An Open Torque-Controlled Modular Robot Architecture for Legged Locomotion Research

We present a new open-source torque-controlled legged robot system, with a low cost and low complexity actuator module at its core. It consists of a low-weight high torque brushless DC motor and a low gear ratio transmission suitable for impedance and force control. We also present a novel foot contact sensor suitable for legged locomotion with hard impacts. A 2.2 kg quadruped robot with a large range of motion is assembled from 8 identical actuator modules and 4 lower legs with foot contact sensors. To the best of our knowledge, it is the most lightest force-controlled quadruped robot. We leverage standard plastic 3D printing and off-the-shelf parts, resulting in light-weight and inexpensive robots, allowing for rapid distribution and duplication within the research community. In order to quantify the capabilities of our design, we systematically measure the achieved impedance at the foot in static and dynamic scenarios. We measured up to 10.8 dimensionless leg stiffness without active damping, which is comparable to the leg stiffness of a running human. Finally, in order to demonstrate the capabilities of our quadruped robot, we propose a novel controller which combines feedforward contact forces computed from a kino-dynamic optimizer with impedance control of the robot center of mass and base orientation. The controller is capable of regulating complex motions which are robust to environmental uncertainty.

Momentum Control with Hierarchical Inverse Dynamics on a Torque-Controlled Humanoid

Hierarchical inverse dynamics based on cascades of quadratic programs have been proposed for the control of legged robots. They have important benefits but to the best of our knowledge have never been implemented on a torque controlled humanoid where model inaccuracies, sensor noise and real-time computation requirements can be problematic.

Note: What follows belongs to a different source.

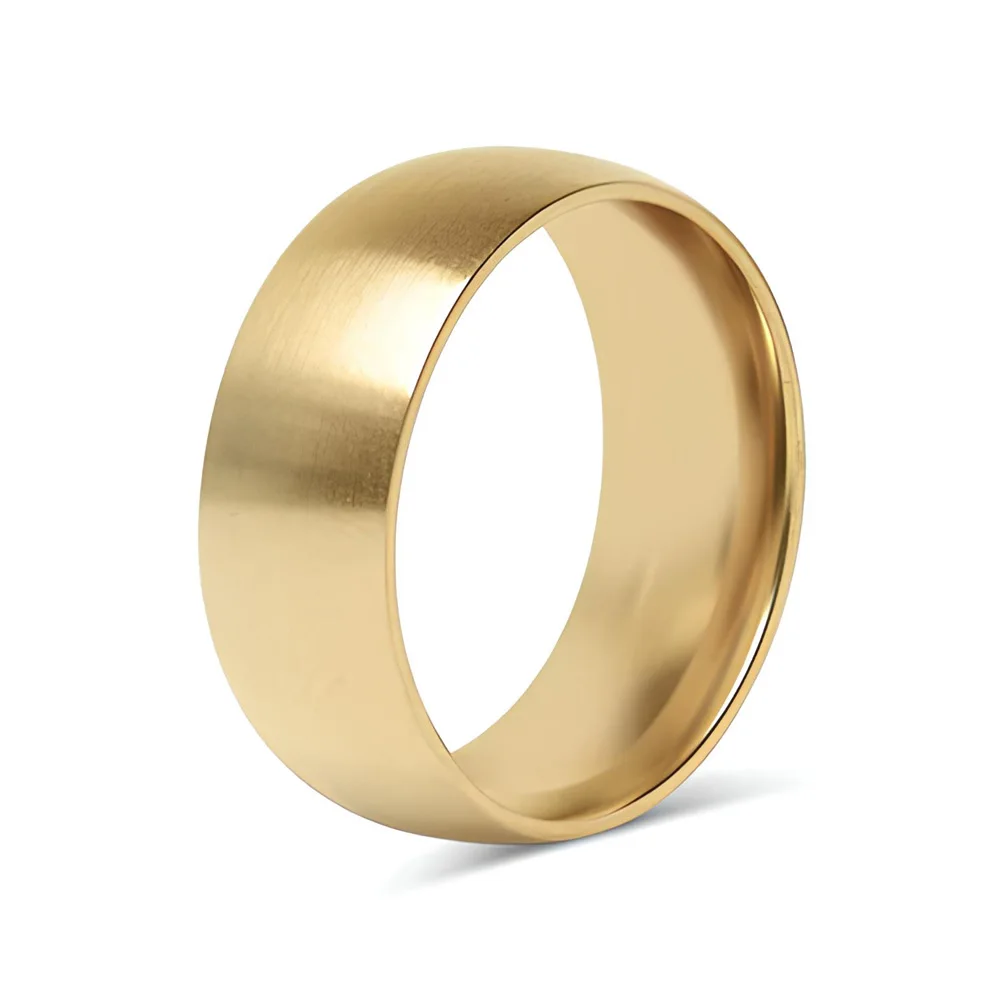 Newest Gold Color Stainless Steel Men Jewellery Best Friend Gift Simple 6mm 8mm Brushed Matte Blank Rings For Women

Using a reformulation of existing algorithms, we propose a simplification of the problem that allows to achieve real-time control. Momentum-based control is integrated in the task hierarchy and a LQR design approach is used to compute the desired associated closed-loop behavior and improve performance. Extensive experiments on various balancing and tracking tasks show very robust performance in the face of unknown disturbances, even when the humanoid is standing on one foot. Our results demonstrate that hierarchical inverse dynamics together with momentum control can be efficiently used for feedback control under real robot conditions.

Balancing experiments on a torque-controlled humanoid with hierarchical inverse dynamics

Recently several hierarchical inverse dynamics controllers based on cascades of quadratic programs have been proposed for application on torque controlled robots. They have important theoretical benefits but have never been implemented on a torque controlled robot where model inaccuracies and real-time computation requirements can be problematic. In this contribution we present an experimental evaluation of these algorithms in the context of balance control for a humanoid robot. The presented experiments demonstrate the applicability of the approach under real robot conditions (i.e. model uncertainty, estimation errors, etc). We propose a simplification of the optimization problem that allows us to decrease computation time enough to implement it in a fast torque control loop. We implement a momentum-based balance controller which shows robust performance in face of unknown disturbances, even when the robot is standing on only one foot. In a second experiment, a tracking task is evaluated to demonstrate the performance of the controller with more complicated hierarchies. Our results show that hierarchical inverse dynamics controllers can be used for feedback control of humanoid robots and that momentum-based balance control can be efficiently implemented on a real robot.